This sounds cool, and does represent an improvement in functionality, phones are several orders of magnitude less reliable than dedicated transceivers. Given that a typical phone rarely lasts more than a few hours with GPS on (let alone powering additional external devices), the chances of this actually working at a critical point is not great. I'm also unsure of how well GPS works when buried under a couple of metres of snow. In mountainous terrain the sky view is often restricted and GPS accuracy can suffer - and accuracy of less than a few metres is worse than what a normal transceiver will do without the reliability risk.

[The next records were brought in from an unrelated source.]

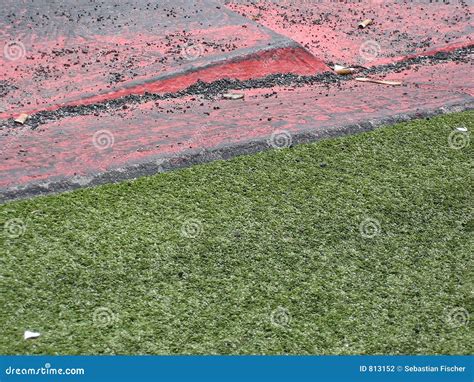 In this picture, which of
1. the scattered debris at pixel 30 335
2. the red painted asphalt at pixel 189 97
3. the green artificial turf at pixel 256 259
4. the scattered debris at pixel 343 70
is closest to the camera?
the scattered debris at pixel 30 335

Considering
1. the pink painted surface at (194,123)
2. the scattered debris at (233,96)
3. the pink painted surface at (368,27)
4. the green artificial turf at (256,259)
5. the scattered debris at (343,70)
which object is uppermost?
the pink painted surface at (368,27)

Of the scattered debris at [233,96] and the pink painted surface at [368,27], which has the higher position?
the pink painted surface at [368,27]

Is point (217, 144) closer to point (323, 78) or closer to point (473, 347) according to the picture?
point (323, 78)

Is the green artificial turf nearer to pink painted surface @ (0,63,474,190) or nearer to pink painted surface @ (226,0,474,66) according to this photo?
pink painted surface @ (0,63,474,190)

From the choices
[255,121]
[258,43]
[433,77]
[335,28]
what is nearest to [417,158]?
[255,121]

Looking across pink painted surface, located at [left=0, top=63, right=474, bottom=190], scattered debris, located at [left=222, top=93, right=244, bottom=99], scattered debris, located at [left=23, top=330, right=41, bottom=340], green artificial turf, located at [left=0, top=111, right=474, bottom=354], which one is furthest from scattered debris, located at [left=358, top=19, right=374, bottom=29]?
scattered debris, located at [left=23, top=330, right=41, bottom=340]

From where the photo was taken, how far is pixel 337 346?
4551 millimetres

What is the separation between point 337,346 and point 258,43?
15.4ft

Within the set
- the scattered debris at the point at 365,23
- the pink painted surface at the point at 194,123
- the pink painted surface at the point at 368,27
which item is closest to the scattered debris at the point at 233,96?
the pink painted surface at the point at 194,123

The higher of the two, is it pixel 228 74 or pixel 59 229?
pixel 228 74

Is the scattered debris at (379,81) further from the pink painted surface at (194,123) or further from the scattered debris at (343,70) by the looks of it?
the scattered debris at (343,70)

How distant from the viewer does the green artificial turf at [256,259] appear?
15.1 ft

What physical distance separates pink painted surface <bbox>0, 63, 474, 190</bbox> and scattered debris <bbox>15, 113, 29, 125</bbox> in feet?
0.57

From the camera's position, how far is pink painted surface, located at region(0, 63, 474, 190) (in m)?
6.28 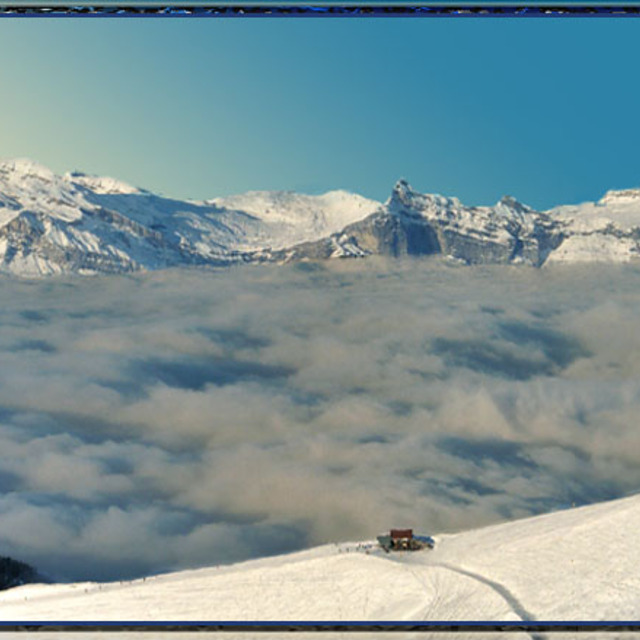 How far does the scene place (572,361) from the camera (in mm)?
44562

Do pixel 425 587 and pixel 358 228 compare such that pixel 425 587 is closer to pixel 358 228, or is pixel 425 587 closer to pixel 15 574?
pixel 358 228

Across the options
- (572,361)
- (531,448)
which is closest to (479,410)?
(572,361)

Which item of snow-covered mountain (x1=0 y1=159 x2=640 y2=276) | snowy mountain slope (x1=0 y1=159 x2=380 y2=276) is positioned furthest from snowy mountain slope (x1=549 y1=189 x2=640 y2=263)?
snowy mountain slope (x1=0 y1=159 x2=380 y2=276)

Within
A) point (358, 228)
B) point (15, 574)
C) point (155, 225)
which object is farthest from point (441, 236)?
point (15, 574)

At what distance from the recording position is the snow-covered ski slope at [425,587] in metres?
11.4

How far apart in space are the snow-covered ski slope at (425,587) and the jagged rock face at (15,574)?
31.1 metres

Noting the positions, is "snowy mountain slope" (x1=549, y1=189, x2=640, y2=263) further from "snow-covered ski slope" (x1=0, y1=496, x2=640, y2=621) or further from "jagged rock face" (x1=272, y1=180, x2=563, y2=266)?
"snow-covered ski slope" (x1=0, y1=496, x2=640, y2=621)

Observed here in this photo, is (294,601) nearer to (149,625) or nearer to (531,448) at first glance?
(149,625)

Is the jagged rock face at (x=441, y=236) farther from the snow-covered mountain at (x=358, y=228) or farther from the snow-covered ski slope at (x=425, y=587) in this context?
the snow-covered ski slope at (x=425, y=587)

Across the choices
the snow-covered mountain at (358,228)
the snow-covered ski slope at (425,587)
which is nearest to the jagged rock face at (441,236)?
the snow-covered mountain at (358,228)

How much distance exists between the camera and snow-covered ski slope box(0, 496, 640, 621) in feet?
37.3

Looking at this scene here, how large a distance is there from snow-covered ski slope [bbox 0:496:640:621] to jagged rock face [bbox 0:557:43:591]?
102 ft

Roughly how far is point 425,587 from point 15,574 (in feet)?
135

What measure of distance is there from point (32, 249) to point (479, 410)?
34801 millimetres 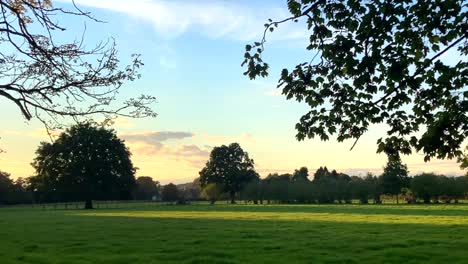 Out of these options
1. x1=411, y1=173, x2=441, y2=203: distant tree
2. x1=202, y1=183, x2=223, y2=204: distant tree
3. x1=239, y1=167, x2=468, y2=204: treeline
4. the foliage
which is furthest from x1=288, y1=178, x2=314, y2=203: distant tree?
the foliage

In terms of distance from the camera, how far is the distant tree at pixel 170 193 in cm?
15025

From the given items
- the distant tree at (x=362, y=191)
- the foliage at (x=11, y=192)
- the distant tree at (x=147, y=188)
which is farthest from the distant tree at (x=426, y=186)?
the foliage at (x=11, y=192)

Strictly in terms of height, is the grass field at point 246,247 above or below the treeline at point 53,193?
below

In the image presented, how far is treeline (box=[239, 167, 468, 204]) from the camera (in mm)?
111938

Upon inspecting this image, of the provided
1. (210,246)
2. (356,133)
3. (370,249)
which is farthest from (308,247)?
(356,133)

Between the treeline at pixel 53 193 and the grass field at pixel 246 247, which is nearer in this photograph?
the grass field at pixel 246 247

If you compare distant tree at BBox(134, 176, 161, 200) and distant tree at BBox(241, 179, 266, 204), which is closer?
distant tree at BBox(241, 179, 266, 204)

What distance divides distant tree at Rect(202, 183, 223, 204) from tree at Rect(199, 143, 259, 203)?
10.2 ft

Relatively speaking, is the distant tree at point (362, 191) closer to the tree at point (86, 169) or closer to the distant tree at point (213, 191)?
the distant tree at point (213, 191)

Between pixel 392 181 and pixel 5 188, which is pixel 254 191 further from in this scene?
pixel 5 188

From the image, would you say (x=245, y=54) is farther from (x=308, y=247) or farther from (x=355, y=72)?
(x=308, y=247)

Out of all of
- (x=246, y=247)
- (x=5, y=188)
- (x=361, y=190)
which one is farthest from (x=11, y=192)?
(x=246, y=247)

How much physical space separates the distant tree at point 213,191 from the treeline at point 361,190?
19.0 ft

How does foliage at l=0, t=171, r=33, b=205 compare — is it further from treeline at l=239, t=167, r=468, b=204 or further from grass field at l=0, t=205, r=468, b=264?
grass field at l=0, t=205, r=468, b=264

Come back when a phone lasts a week without a recharge, like they did 15 years ago!

Synchro
4th February, 2014 @ 12:04 am PST

This should be a stand alone hw unit that supports mobile interface. Relying on a mobile phone is foolhardy. Would you put that rig in a pillow sack, swing it around wildly, throw it into the couch and then wear it out in the field? I would not bet on my Lumia 925 doing too well in an avalanche, or a pillow sack.

Mayhem
4th February, 2014 @ 11:52 am PST

What is wrong with the existing app systems? They already give us a few cm accuracy, locating a victim within 2/3 min. With a range which is similar to most beacons. besides that they don't need additional hardware. Which is essential to the concept.  The CAC you are referring to,never tested them. the report is one big assumption. The system works anytime any place. Try and test it yourself. We keep on devoloping and we invite everyone to participate with ideas to improve it.

Martijn Strijbos, co-developer of the avalanche buddy system.